WHAT IS EXPECTED: Transcribe the line that contains "Mostra's August Faves 🖤" and every line after it to the end of the records, exactly and nothing else. Skip the pictures.

DATA FOR REVIEW:
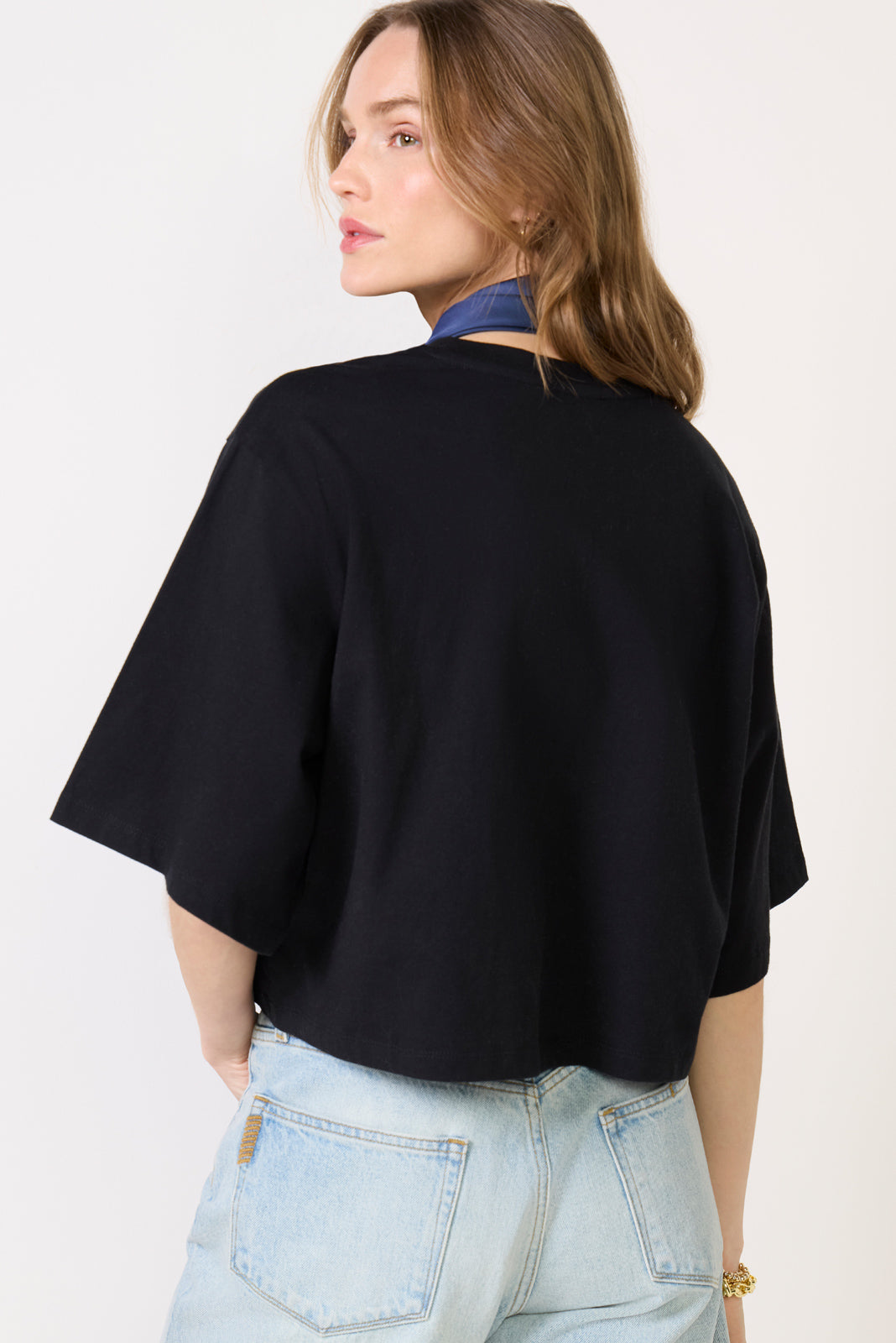 Women's Belle T-Shirt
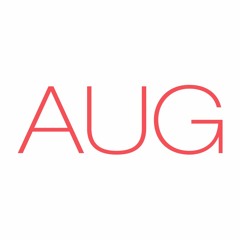Mostra's August Faves 🖤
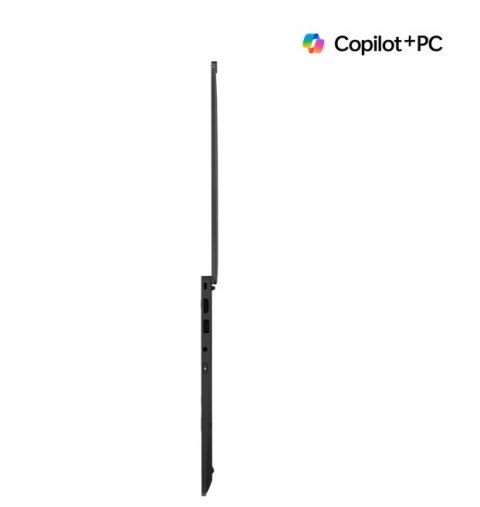 Ultrabook Thinkpad X1 Carbon G13 21NS004NPB W11Pro Ultra 7 258V/32GB/1TB/INT/14.0 WUXGA/Touch/Black/3YRS Premier Support + CO2 Ultrabook Thinkpad X1 Carbon G13 21NS004NPB W11Pro Ultra 7 258V/32GB/1TB/INT/14.0 WUXGA/Touch/Black/3YRS Premier Support + CO2
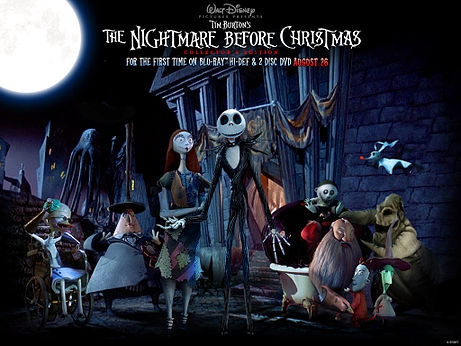 Nightmare_Before_Christmas_Characters.jpg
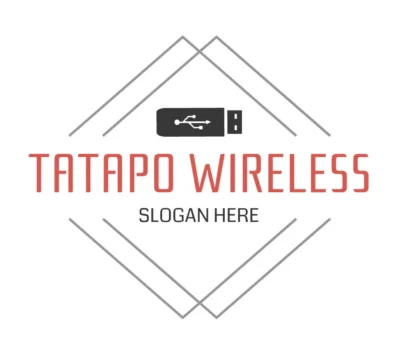 TaTaPo Wireless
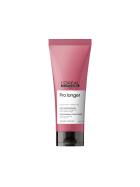 LOr&eacute;al Professionnel Pro Longer Conditioner 200 ml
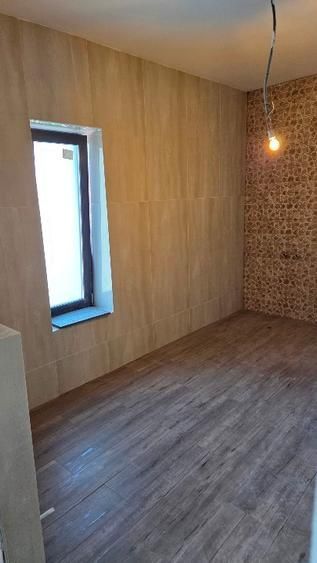Casa Corbeanca | Toate utilitățile | La cheie | Constructie 2025 - Poză 4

PROBLEM SOLUTION:
Mostra's August Faves 🖤
 Ultrabook Thinkpad X1 Carbon G13 21NS004NPB W11Pro Ultra 7 258V/32GB/1TB/INT/14.0 WUXGA/Touch/Black/3YRS Premier Support + CO2 Ultrabook Thinkpad X1 Carbon G13 21NS004NPB W11Pro Ultra 7 258V/32GB/1TB/INT/14.0 WUXGA/Touch/Black/3YRS Premier Support + CO2
 Nightmare_Before_Christmas_Characters.jpg
 TaTaPo Wireless
 LOr&eacute;al Professionnel Pro Longer Conditioner 200 ml
Casa Corbeanca | Toate utilitățile | La cheie | Constructie 2025 - Poză 4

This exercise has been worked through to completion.